Sure. Perhaps I'll comment for the US and then turn it over to Jacob more broadly for the ex-US. First of all, when we think about where Vyepti is within its life cycle, we're clearly beyond the turnaround of Vyepti and we're really into the acceleration phase. We've grown, as you saw, 73% from a revenue standpoint over prior year. And I think that's representative of the investments that we've made from a sales point of view, from a marketing point of view, with patient activation, is also from a market access point of view as it relates to patient experience. I have been incredibly pleased, quite frankly, to see what the marginal return on investment analysis suggests of those 3 key levers in terms of driving investments -- I'm sorry, driving results. And I think there's an opportunity, quite frankly, to expand our investments based upon the positive return on investments that we're seeing to even further accelerate growth in the US.
Yes. Maybe I can just add also for ex-US markets. I think it's important to highlight what Tom is saying. We're still early on. So, we've been going for a little more than 3 years in the US. And for rest of world, we basically just have been launching within the last 6 to 12 months. So that means that we have several years ahead of us with, I think, very strong growth rates from Vyepti. And of course, also remember that this is a brand that would live long. We're looking into mid late-30s for LoE. So, this is a brand that will stay with Lundbeck for a long time with significant growth ahead, very early in this launch. So, I think there will be some time to go before we can start discussing investments and what is needed.

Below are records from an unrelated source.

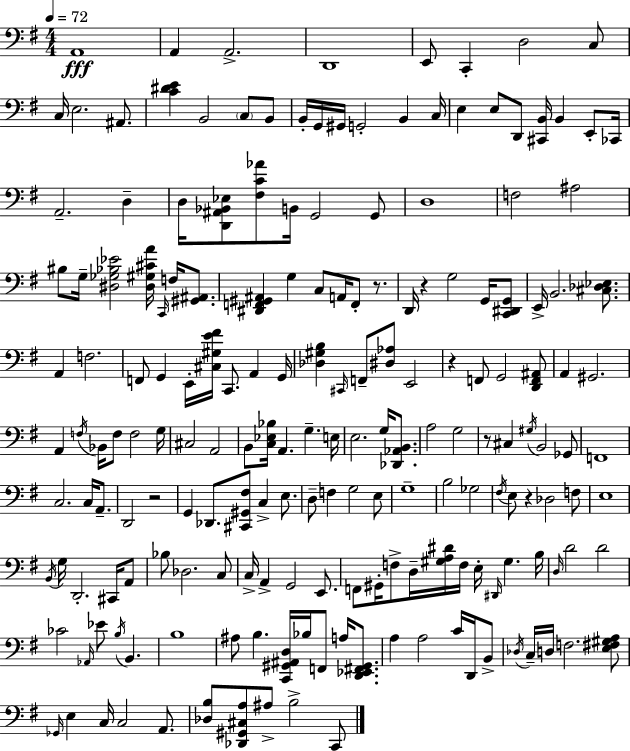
X:1
T:Untitled
M:4/4
L:1/4
K:Em
A,,4 A,, A,,2 D,,4 E,,/2 C,, D,2 C,/2 C,/4 E,2 ^A,,/2 [C^DE] B,,2 C,/2 B,,/2 B,,/4 G,,/4 ^G,,/4 G,,2 B,, C,/4 E, E,/2 D,,/2 [^C,,B,,]/4 B,, E,,/2 _C,,/4 A,,2 D, D,/4 [D,,^A,,_B,,_E,]/2 [^F,C_A]/2 B,,/4 G,,2 G,,/2 D,4 F,2 ^A,2 ^B,/2 G,/4 [^D,_G,_B,_E]2 [^D,^G,^CA]/4 C,,/4 F,/4 [^G,,^A,,]/2 [^D,,F,,^G,,^A,,] G, C,/2 A,,/4 F,,/2 z/2 D,,/4 z G,2 G,,/4 [C,,^D,,G,,]/2 E,,/4 B,,2 [^C,_D,_E,]/2 A,, F,2 F,,/2 G,, E,,/4 [^C,^G,E^F]/4 C,,/2 A,, G,,/4 [_D,^G,B,] ^C,,/4 F,,/2 [^D,_A,]/2 E,,2 z F,,/2 G,,2 [D,,F,,^A,,]/2 A,, ^G,,2 A,, F,/4 _B,,/4 F,/2 F,2 G,/4 ^C,2 A,,2 B,,/2 [C,_E,_B,]/4 A,, G, E,/4 E,2 G,/4 [_D,,_A,,B,,]/2 A,2 G,2 z/2 ^C, ^G,/4 B,,2 _G,,/2 F,,4 C,2 C,/4 A,,/2 D,,2 z2 G,, _D,,/2 [^C,,^G,,^F,]/2 C, E,/2 D,/2 F, G,2 E,/2 G,4 B,2 _G,2 ^F,/4 E,/2 z _D,2 F,/2 E,4 B,,/4 G,/4 D,,2 ^C,,/4 A,,/2 _B,/2 _D,2 C,/2 C,/4 A,, G,,2 E,,/2 F,,/2 ^G,,/4 F,/2 D,/4 [^G,A,^D]/4 F,/4 E,/4 ^D,,/4 ^G, B,/4 D,/4 D2 D2 _C2 _A,,/4 _E/2 B,/4 B,, B,4 ^A,/2 B, [C,,^G,,^A,,D,]/4 _B,/4 F,,/2 A,/4 [D,,_E,,^F,,^G,,]/2 A, A,2 C/4 D,,/4 B,,/2 _D,/4 C,/4 D,/4 F,2 [E,^F,^G,A,]/2 _G,,/4 E, C,/4 C,2 A,,/2 [_D,B,]/2 [_D,,^G,,^C,A,]/2 ^A,/2 B,2 C,,/2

There are no further questions at this time. So, I'd like to turn over to Charl van Zyl for closing comments. Please go ahead.
Thank you very much. Again, thanks for joining today. As you would have seen very strong confidence around our growth profile going forward, and we will look forward to engaging with you also during our R&D Day, where we will talk more specifically about our exciting pipeline. So, thank you again for joining today.